● Available data
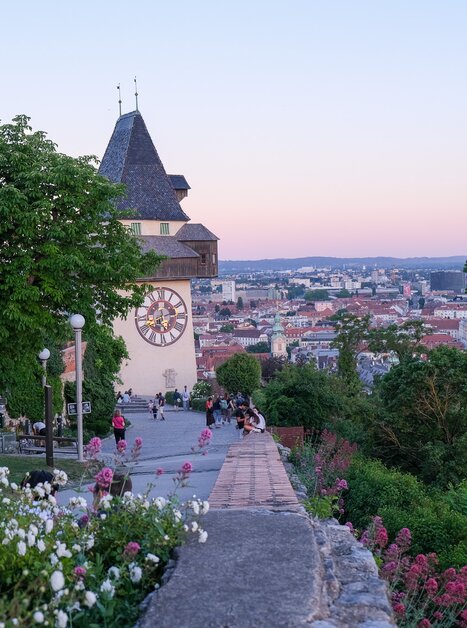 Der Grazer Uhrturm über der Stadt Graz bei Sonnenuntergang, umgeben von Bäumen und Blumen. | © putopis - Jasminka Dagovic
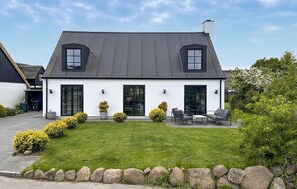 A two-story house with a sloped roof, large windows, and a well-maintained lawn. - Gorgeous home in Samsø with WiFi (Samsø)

---

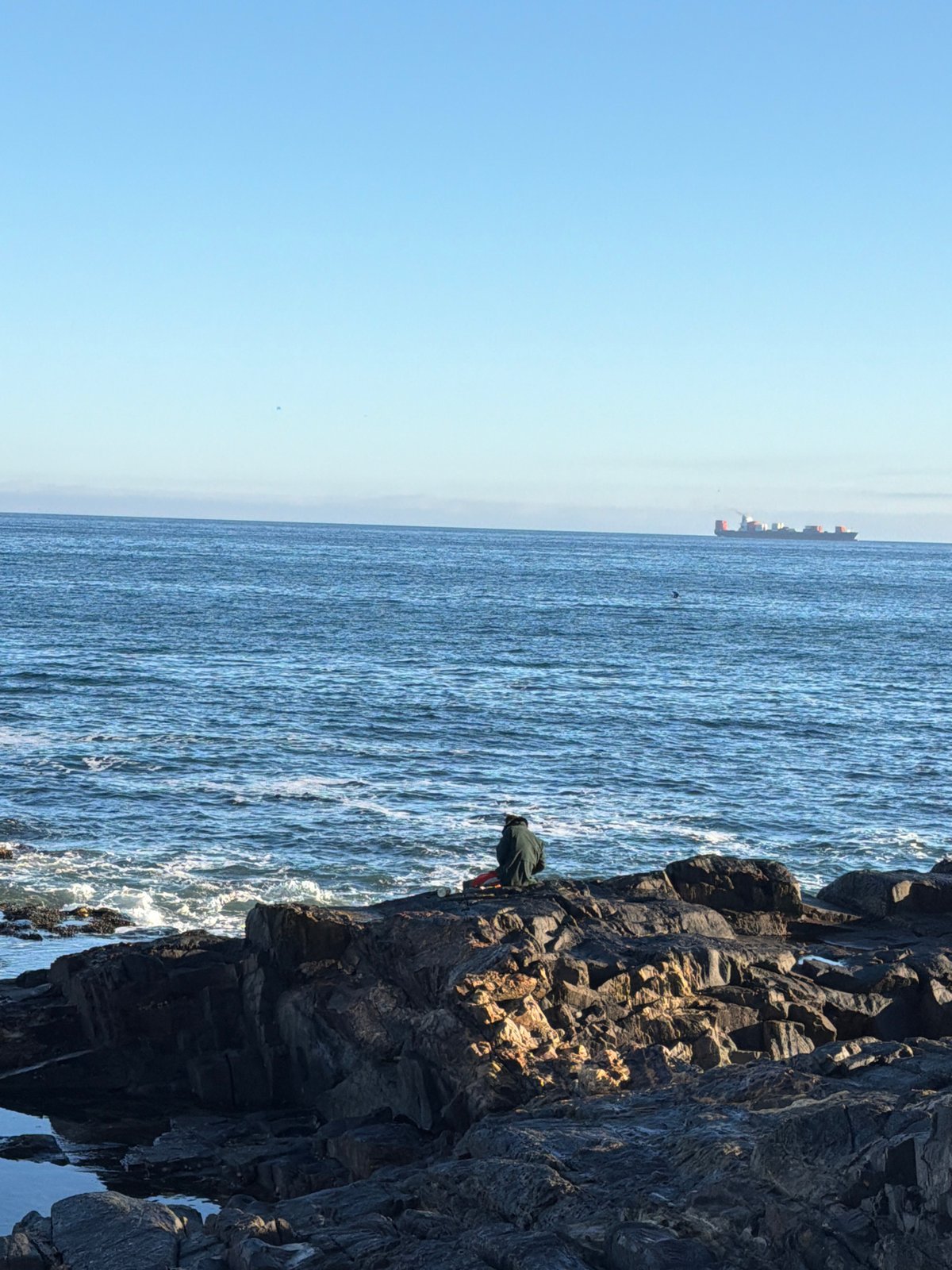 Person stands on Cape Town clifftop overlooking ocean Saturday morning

--

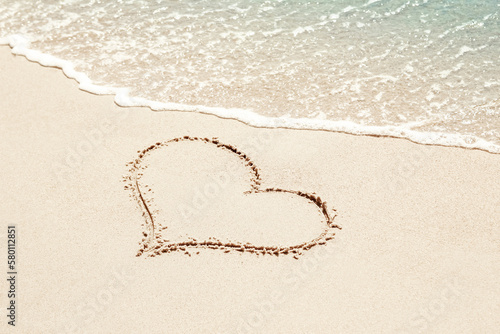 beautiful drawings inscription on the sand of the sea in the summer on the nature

● Directions
Please copy the lines above exactly, starting at the line that holds "Der Grazer Uhrturm" and ending at the line that holds "A two-story house"; include both, but no pictures.

● Task response
 Der Grazer Uhrturm über der Stadt Graz bei Sonnenuntergang, umgeben von Bäumen und Blumen. | © putopis - Jasminka Dagovic
 A two-story house with a sloped roof, large windows, and a well-maintained lawn. - Gorgeous home in Samsø with WiFi (Samsø)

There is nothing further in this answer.